From a compositional perspective, the songs on In Space do indeed sound like a combination of solo Chilton and the Posies, with the added distinctive, melodic drumming of Stephens. Jody Stephens shines vocally on “Best Chance,” a song that manages to evoke ’70s Big Star as well as hinting at Those Pretty Wrongs.
“Turn My Back on the Sun” is a supremely catchy tune, but it is ultimately a bit too on-the-nose as a Beach Boys pastiche. Right down to the vocal phrasing, it sounds like a demo outtake from the Pet Sounds sessions. Now, is that a bad thing? Indeed it is not. It just not very much in keeping with what one might expect of Big Star. The funky “Love Revolution” is a bit of an oddity as well, sort of Sly Stone filtered through Chilton’s New Orleans years; it wouldn’t have been out of place on his Feudalist Tarts EP.
But then there’s “February’s Quiet,” a tune that totally nails the breezy yet emotionally potent sound of classic Big Star. The uptempo “Mine Exclusively” sounds like the kind of thing the Box Tops (Chilton’s pre-Big Star group) might’ve done; in fact it’s a cover of a 1966 song by the Olympics. “A Whole New Thing” is a funny title for a song with the world’s most familiar melody. But it’s undeniably fun, rooted as it is in Chilton’s solo style.
Speaking of solo Chilton, left-field covers have long been a part of his approach. Self-consciously or not, he’s revealed himself to be a keen musicologist with an omnivorous (ha) appetite for various style of music. All that helps to explain why “Aria, Largo” appears on In Space. That said, the rock band arrangement of the classical piece is well played but not especially interesting or memorable.
“Hung Up With Summer” is another nod to the Beach Boys, and it’s slightly more effective than “Turn My Back on the Sun” if only because it doesn’t try as hard. The groovy “Do You Wanna Make It” mines familiar musical territory, but it does so in a way that is simply irresistible. The band members all sound like they’re having a helluva good time. Chilton’s too-often-underrated lead guitar prowess is on display here as well. “Makeover” has some of the messy character of Third, and may remind some listeners of Chilton’s dissolute Like Flies on Sherbert LP. It sounds like they just let tape roll and started jamming, but they ended up with something catchy in the process.

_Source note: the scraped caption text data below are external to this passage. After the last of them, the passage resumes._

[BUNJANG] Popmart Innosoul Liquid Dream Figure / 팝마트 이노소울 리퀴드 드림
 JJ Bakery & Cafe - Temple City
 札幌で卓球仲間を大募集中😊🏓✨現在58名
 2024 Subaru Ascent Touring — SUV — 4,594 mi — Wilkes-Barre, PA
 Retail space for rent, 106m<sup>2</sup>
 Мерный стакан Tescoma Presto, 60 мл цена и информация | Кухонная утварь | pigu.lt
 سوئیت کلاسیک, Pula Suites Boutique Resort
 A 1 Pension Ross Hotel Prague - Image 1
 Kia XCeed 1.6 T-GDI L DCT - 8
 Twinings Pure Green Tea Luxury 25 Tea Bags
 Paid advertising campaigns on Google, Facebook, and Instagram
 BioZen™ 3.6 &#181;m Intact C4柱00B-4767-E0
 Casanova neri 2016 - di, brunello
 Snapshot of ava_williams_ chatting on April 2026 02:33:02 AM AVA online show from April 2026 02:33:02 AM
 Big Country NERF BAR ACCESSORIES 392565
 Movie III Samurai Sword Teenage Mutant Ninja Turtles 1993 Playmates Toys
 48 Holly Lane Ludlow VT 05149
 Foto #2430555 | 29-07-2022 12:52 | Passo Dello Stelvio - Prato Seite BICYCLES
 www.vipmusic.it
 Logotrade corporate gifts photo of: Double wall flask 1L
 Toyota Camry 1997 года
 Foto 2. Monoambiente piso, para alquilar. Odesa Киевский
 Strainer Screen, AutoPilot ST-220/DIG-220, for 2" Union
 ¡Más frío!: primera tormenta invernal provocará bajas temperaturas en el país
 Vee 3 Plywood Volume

The bonus tracks appended to the 2019 reissue of In Space are quite good: “Hot Thing” is horn-centric, so it hews closer to the Chilton solo material than classic Big Star. A rough mix of the album opener “Dony” is very nearly as wonderful as the official version. Longtime Posies fans will appreciate the demo tracks included here, and the a cappella version of “Turn My Back on the Sun” is pure Posies-meet-Pet Sounds; it’ll make the hair on the back of your neck stand straight up. Ba ba ba ba ba indeed.
Today, some 14 years after its first appearance, In Space is getting the Omnivore reissue treatment. Alex is gone from this Earth, Jon and Ken are back to the Posies and other projects, and Stephens has teamed up with Luther Russell for the absolutely delightful (and very evocative of Third-era Big Star) Those Pretty Wrongs. Big Star lives on in the hearts and minds of fans, in the occasional tribute concerts involving Stephens, R.E.M.’s Mike Mills, the dB’s Chris Stamey and others, and in the body of work the band left behind. And In Space is a part of that.